From the entries below, copy each line in which the word "above" occurs.

+--

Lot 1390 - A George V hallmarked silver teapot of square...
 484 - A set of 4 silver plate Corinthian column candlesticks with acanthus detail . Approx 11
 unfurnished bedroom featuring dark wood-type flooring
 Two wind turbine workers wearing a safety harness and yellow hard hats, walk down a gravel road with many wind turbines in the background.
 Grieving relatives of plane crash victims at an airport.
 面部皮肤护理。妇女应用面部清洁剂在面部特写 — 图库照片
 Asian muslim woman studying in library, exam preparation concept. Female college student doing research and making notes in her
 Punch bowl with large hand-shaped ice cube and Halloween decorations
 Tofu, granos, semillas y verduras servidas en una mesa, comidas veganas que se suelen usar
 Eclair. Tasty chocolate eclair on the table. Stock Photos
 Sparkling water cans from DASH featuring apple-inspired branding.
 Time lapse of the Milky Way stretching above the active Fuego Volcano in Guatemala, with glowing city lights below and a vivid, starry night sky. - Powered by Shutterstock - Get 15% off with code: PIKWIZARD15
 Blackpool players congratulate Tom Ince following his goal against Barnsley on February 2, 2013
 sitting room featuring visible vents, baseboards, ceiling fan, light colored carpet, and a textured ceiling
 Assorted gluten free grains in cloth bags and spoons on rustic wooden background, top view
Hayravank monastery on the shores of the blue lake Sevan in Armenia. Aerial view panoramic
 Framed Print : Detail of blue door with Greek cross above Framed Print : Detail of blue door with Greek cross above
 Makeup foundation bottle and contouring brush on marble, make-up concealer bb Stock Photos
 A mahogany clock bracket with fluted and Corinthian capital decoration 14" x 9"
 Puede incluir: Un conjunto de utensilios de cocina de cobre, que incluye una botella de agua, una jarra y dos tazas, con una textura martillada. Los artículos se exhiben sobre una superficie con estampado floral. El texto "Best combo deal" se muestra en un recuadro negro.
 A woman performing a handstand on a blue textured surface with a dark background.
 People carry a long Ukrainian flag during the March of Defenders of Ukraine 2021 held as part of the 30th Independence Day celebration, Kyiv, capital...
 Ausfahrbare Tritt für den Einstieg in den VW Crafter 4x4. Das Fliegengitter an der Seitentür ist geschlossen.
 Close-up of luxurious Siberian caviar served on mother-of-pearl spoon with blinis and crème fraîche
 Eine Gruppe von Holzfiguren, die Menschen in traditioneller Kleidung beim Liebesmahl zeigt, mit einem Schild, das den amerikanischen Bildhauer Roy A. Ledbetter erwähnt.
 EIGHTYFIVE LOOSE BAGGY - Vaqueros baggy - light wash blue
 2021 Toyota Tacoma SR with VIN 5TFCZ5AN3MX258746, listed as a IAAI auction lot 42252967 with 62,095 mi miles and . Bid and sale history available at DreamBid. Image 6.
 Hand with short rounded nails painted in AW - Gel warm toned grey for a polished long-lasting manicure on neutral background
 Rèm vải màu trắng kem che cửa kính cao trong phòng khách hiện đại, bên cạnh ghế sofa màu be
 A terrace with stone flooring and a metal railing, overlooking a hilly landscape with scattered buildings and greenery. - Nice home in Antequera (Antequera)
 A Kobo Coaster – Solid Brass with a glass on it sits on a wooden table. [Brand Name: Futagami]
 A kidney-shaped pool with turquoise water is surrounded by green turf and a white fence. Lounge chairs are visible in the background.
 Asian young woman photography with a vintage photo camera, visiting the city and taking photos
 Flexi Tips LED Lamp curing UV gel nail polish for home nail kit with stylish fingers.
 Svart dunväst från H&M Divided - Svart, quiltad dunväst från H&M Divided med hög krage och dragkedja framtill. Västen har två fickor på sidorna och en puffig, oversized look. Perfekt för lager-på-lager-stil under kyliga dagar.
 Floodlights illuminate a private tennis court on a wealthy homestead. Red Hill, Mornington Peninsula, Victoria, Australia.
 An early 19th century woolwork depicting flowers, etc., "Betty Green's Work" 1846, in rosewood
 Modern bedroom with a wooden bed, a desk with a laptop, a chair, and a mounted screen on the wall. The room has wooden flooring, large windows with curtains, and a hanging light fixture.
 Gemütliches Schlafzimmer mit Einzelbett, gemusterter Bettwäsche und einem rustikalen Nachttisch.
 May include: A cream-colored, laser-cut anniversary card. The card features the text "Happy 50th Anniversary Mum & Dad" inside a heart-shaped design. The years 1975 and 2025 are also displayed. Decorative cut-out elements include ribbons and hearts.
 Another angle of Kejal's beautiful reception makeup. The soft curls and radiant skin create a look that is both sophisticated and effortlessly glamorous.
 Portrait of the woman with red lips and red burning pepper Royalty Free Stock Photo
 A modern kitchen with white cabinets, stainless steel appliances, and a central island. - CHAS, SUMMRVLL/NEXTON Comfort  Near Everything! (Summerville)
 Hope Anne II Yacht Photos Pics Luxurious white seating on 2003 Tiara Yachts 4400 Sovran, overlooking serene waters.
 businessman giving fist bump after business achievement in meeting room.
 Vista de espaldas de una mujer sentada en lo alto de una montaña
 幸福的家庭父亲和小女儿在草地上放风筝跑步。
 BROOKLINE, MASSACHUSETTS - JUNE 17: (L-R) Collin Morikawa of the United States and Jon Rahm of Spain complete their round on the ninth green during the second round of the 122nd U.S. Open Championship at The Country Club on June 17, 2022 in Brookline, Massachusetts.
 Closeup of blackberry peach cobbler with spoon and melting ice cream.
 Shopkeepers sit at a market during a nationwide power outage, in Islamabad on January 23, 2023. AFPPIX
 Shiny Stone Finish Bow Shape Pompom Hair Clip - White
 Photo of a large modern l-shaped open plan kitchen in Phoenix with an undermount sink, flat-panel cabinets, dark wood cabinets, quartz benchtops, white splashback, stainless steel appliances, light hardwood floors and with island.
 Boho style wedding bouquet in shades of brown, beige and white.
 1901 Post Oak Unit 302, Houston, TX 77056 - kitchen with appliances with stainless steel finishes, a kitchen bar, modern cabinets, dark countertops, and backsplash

+--

**Task result**
 Time lapse of the Milky Way stretching above the active Fuego Volcano in Guatemala, with glowing city lights below and a vivid, starry night sky. - Powered by Shutterstock - Get 15% off with code: PIKWIZARD15
 Framed Print : Detail of blue door with Greek cross above Framed Print : Detail of blue door with Greek cross above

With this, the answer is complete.